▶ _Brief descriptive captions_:
- Opening Delimiter -

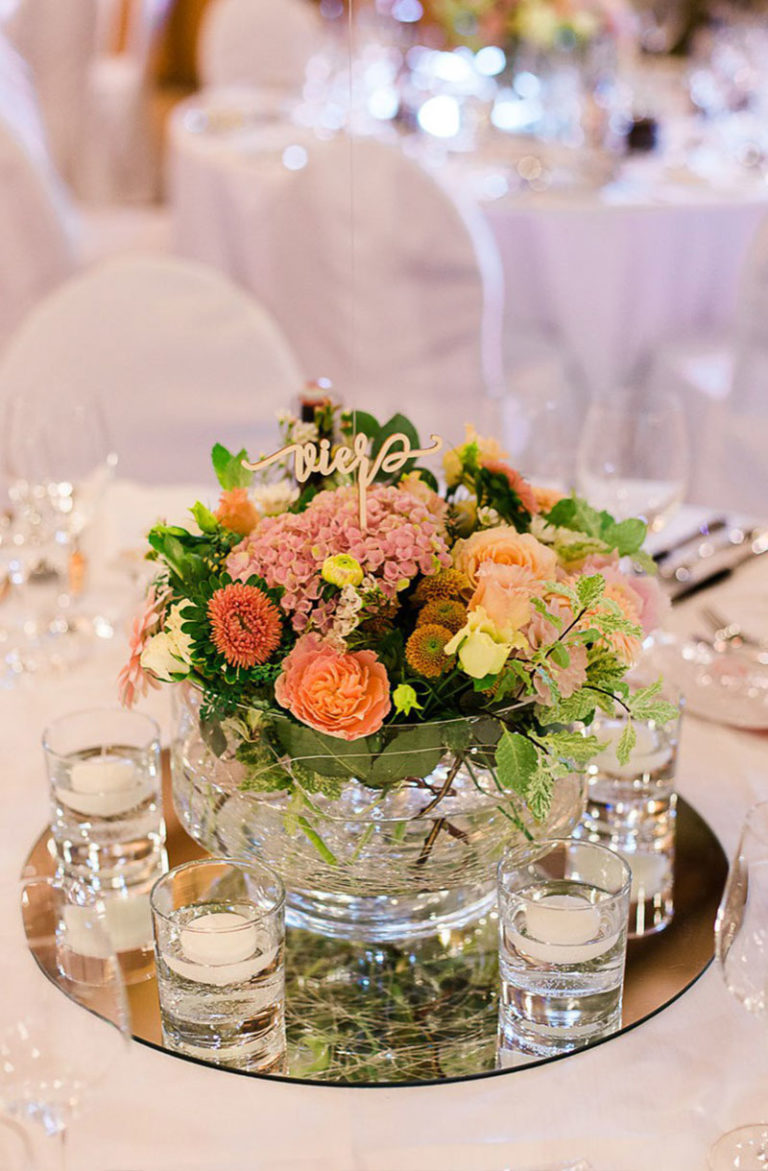 Blumengesteck - Cateringservice Forellenhof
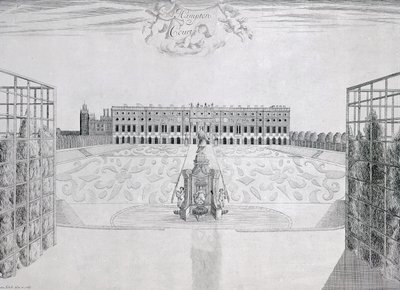 Hampton Court South Front, 1830 körül alkotó: Sutton Nicholls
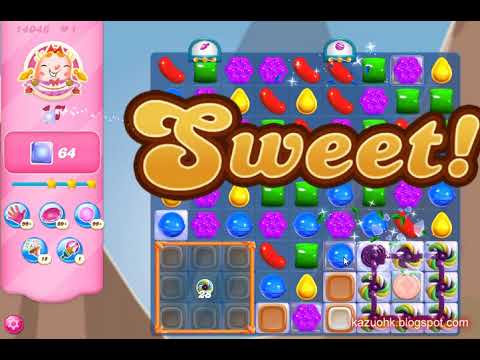 Candy Crush Saga Level 14046 (3 stars, NO boosters)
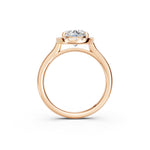 Load image into Gallery viewer, Xiana Oval Solitaire Diamond Womens Ring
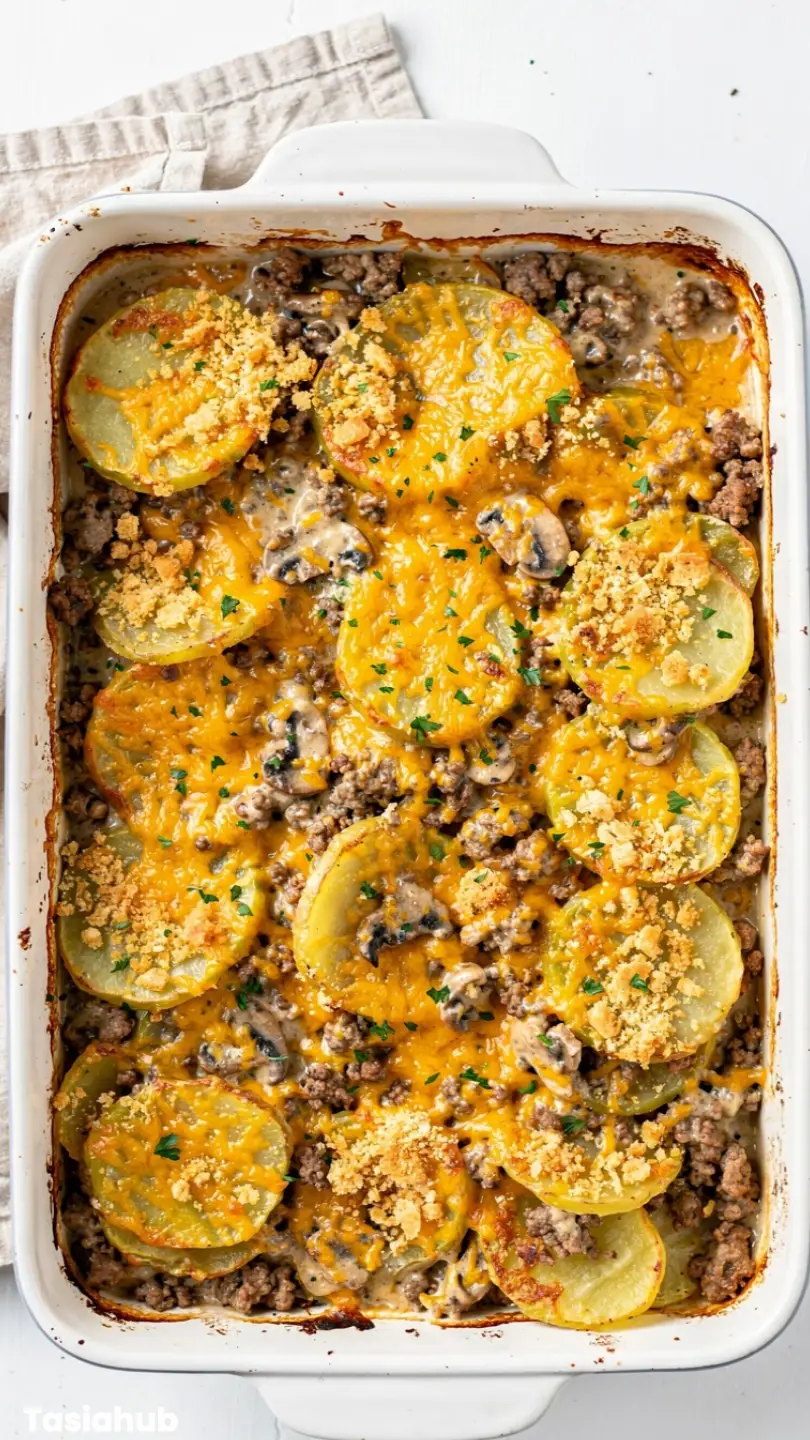 Hobo Casserole with Ground Beef Potatoes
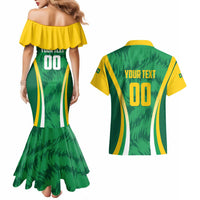 Brazil Basketball Custom Couples Matching Mermaid Dress and Hawaiian Shirt Come On Brasil Cariocas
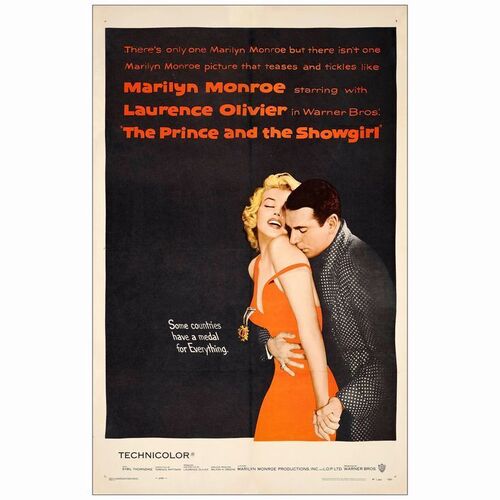 570: THE PRINCE AND THE SHOWGIRL - One-Sheet (27" x 41.75"); Very Fine on Linen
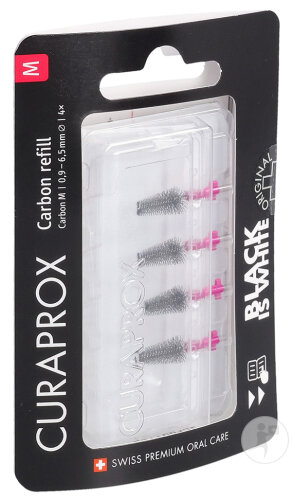 Curaprox Black Is White CPS Carbon M Refill 4 Stück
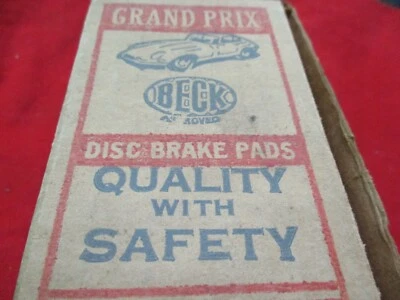 Pastillas de freno Jaguar MKIX Facel Vega, Ferrari 250GT, 275GT, 300GT, GP53, D53, NOS Foto 1 de 4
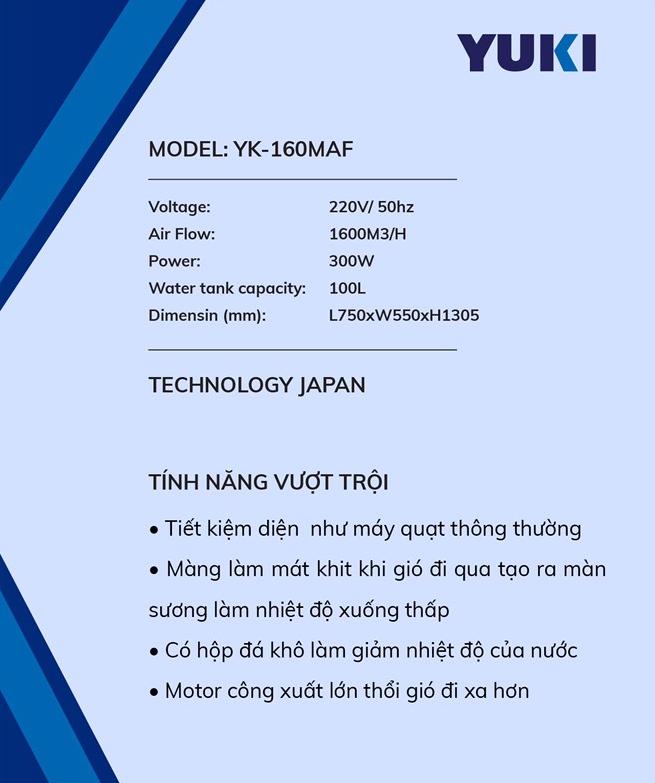 thông số kỹ thuật quạt yuiki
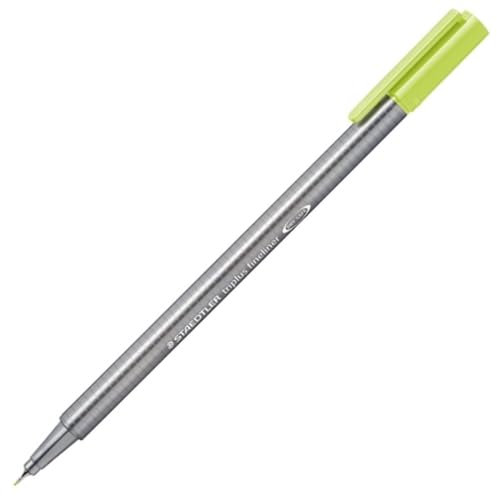 STAEDTLER – Triplus FineLiner 334 – Superfeine Filzspitze 0,3 mm Grün, grau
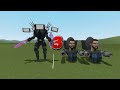 TEAM CAMERA MAN , SPEAKER MAN TITAN VS TEAM SKIBIDI TOILET 1-66 | BATTLE FIGHT in GARRYS MOD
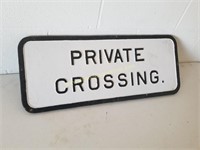 Private Crossing 29.5"x1' Cast Iron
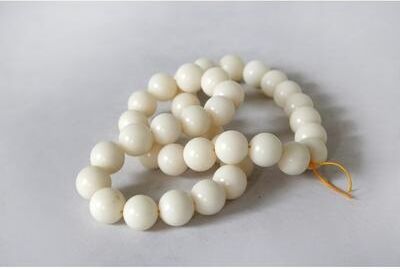 Artissance Decorative Bodhi Root Bead, 18 Inch Long, White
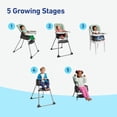 thumbnail image 3 of Open Box Graco Made2Grow 5-in-1 Infant Toddler High Chair, Terrazo, 17.55 lbs, 3 of 8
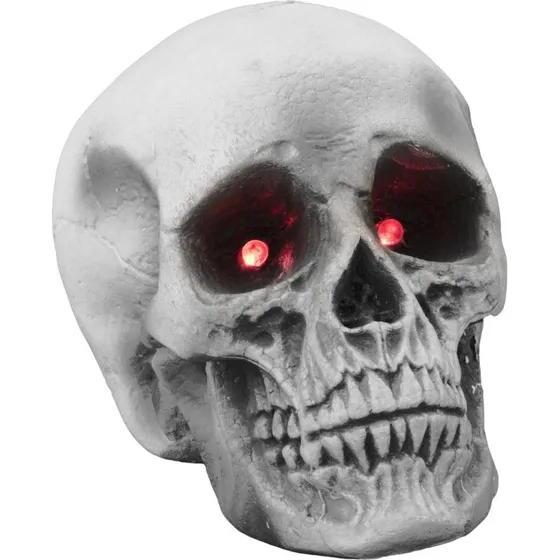 Halloween Kranie med LED-lys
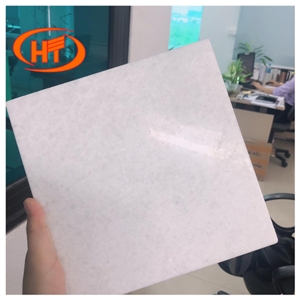 Polished Crystal White Marble Tile Stone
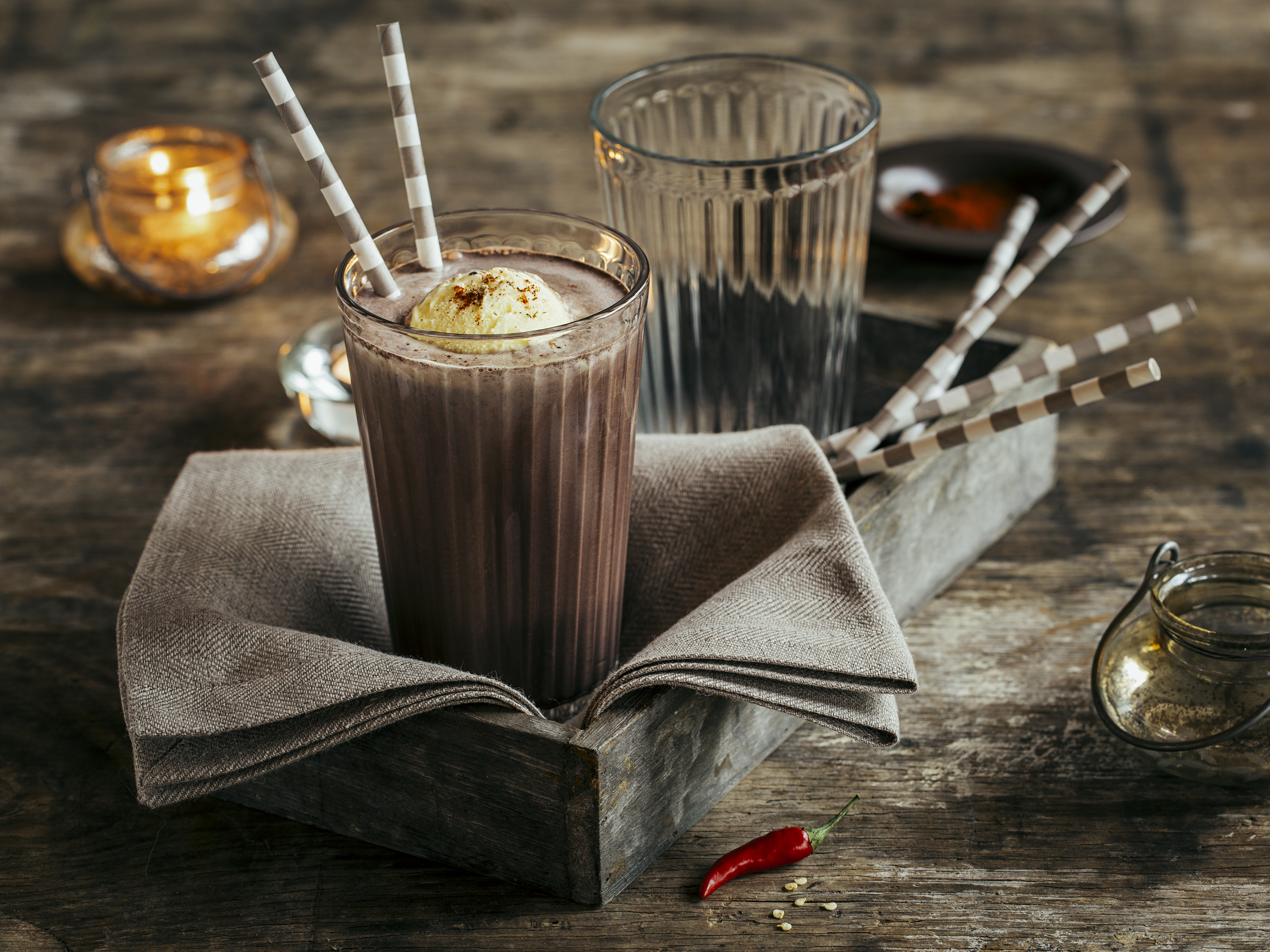 Glace au Caotina pimentée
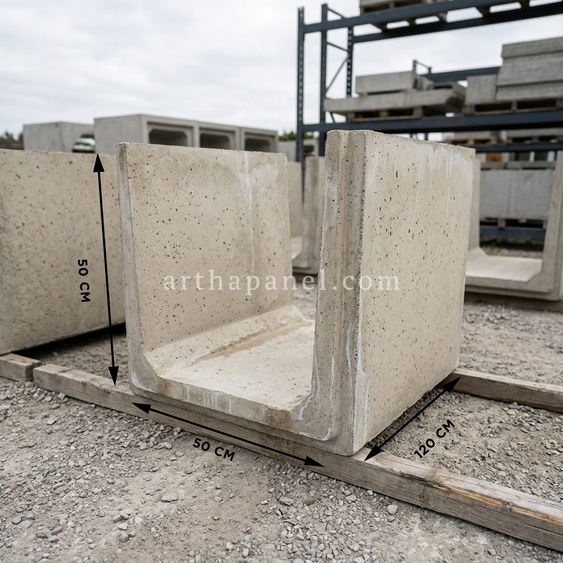 Harga U Ditch 50x50x120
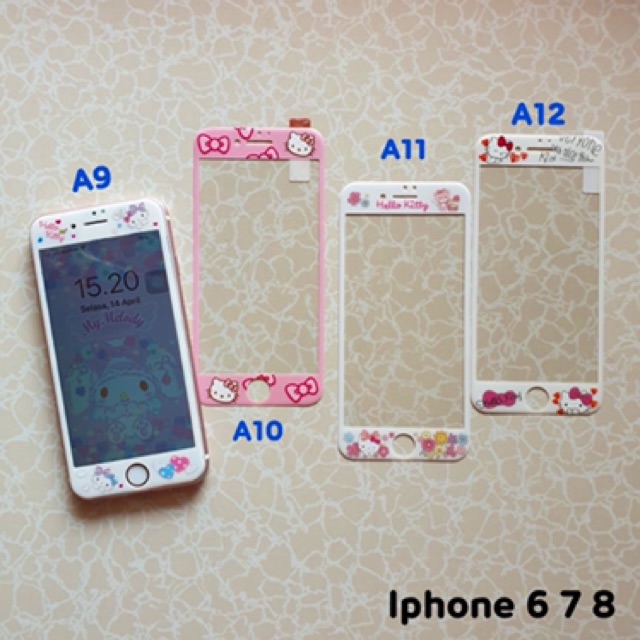 [ TIPE HANYA IP 6/7 ] Anti gores Tempered glass Anti gores IP 8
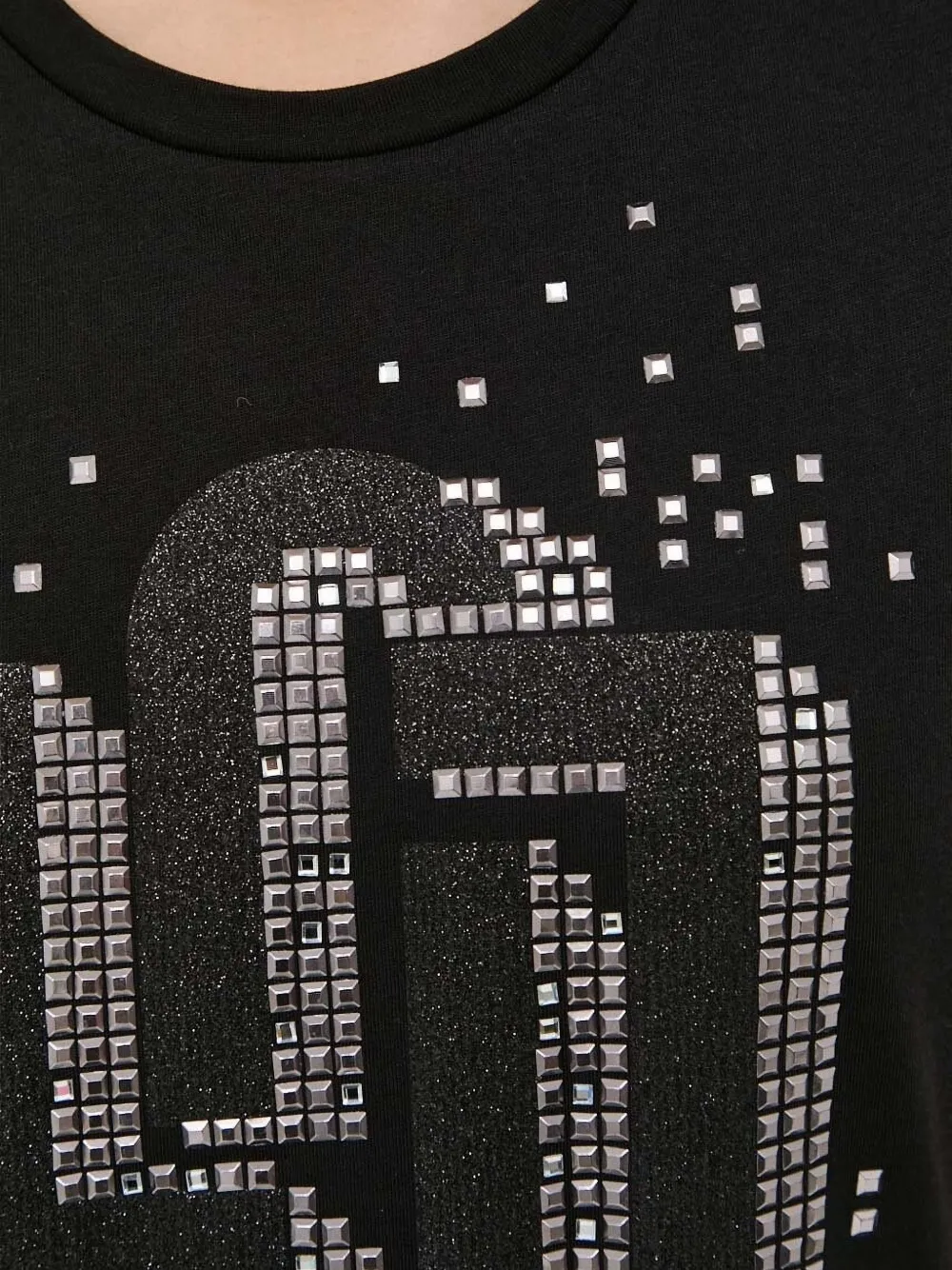 LIU JO T-shirt verfraaid met kristallen Zwart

- Closing Delimiter -

▶ _Task objective_:
Your answer should be the exact lines above from the one containing "TEAM CAMERA MAN" through the one containing "[ TIPE HANYA", with both end lines kept and the pictures removed, please.

▶ _Problem solution_:
 TEAM CAMERA MAN , SPEAKER MAN TITAN VS TEAM SKIBIDI TOILET 1-66 | BATTLE FIGHT in GARRYS MOD
 Private Crossing 29.5"x1' Cast Iron
 Artissance Decorative Bodhi Root Bead, 18 Inch Long, White
 thumbnail image 3 of Open Box Graco Made2Grow 5-in-1 Infant Toddler High Chair, Terrazo, 17.55 lbs, 3 of 8
 Halloween Kranie med LED-lys
 Polished Crystal White Marble Tile Stone
 Glace au Caotina pimentée
 Harga U Ditch 50x50x120
 [ TIPE HANYA IP 6/7 ] Anti gores Tempered glass Anti gores IP 8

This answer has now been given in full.